REQUIREMENT =
Output exactly the lines from the one with "Essentials Reimagined Archive" through the last line of the data below, both included, and nothing more.

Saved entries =
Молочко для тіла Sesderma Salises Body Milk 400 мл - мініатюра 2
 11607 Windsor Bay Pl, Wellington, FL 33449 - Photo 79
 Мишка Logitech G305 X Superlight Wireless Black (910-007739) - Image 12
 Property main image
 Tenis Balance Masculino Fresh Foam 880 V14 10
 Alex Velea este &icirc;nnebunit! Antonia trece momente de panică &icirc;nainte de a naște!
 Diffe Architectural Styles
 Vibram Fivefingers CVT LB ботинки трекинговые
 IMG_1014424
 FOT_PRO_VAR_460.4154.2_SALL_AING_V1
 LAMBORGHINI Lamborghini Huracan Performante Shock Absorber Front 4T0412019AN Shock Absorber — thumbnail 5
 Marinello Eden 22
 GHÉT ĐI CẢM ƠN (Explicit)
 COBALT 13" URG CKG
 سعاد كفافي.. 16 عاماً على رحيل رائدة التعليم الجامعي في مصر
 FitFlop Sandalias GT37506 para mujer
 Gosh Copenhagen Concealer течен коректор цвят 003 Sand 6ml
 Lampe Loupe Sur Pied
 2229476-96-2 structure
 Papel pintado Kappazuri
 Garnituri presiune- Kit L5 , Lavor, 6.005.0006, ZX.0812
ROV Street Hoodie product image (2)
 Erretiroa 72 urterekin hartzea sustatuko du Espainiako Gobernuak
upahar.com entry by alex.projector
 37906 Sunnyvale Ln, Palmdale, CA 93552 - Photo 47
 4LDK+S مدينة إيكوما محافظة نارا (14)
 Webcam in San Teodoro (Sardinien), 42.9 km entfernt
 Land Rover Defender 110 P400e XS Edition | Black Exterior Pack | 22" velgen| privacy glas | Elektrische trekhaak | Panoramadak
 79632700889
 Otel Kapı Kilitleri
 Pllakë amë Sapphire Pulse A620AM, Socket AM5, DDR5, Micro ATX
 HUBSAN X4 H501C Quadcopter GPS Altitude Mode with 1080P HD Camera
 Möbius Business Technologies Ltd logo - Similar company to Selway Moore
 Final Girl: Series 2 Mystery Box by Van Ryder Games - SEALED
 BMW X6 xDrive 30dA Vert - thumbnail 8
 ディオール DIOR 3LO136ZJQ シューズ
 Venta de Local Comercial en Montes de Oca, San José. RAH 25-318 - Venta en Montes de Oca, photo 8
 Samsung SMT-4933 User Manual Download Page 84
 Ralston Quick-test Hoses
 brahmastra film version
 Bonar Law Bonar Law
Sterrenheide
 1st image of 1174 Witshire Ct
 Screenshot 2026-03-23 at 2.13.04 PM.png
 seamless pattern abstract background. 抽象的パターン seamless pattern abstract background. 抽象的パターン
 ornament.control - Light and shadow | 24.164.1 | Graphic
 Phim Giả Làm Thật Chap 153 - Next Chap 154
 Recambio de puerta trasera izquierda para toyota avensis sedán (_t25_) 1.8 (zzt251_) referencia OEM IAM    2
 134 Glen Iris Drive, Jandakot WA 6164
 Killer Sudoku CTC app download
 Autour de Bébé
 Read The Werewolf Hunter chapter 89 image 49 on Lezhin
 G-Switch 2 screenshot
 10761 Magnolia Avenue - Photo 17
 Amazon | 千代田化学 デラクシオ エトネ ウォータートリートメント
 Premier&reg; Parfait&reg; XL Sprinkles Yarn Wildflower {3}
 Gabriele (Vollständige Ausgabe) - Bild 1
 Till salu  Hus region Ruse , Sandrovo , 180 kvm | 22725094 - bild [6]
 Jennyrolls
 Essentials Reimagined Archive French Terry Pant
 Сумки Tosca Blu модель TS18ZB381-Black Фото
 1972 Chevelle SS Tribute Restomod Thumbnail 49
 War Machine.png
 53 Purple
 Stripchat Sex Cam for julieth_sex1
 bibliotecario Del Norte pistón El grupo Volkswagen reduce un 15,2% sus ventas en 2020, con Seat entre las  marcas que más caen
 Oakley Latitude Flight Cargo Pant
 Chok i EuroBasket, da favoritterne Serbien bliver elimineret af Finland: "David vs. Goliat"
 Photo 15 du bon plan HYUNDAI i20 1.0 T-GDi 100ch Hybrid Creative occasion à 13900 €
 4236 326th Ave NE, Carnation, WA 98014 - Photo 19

SOLUTION TO THIS PROBLEM =
 Essentials Reimagined Archive French Terry Pant
 Сумки Tosca Blu модель TS18ZB381-Black Фото
 1972 Chevelle SS Tribute Restomod Thumbnail 49
 War Machine.png
 53 Purple
 Stripchat Sex Cam for julieth_sex1
 bibliotecario Del Norte pistón El grupo Volkswagen reduce un 15,2% sus ventas en 2020, con Seat entre las  marcas que más caen
 Oakley Latitude Flight Cargo Pant
 Chok i EuroBasket, da favoritterne Serbien bliver elimineret af Finland: "David vs. Goliat"
 Photo 15 du bon plan HYUNDAI i20 1.0 T-GDi 100ch Hybrid Creative occasion à 13900 €
 4236 326th Ave NE, Carnation, WA 98014 - Photo 19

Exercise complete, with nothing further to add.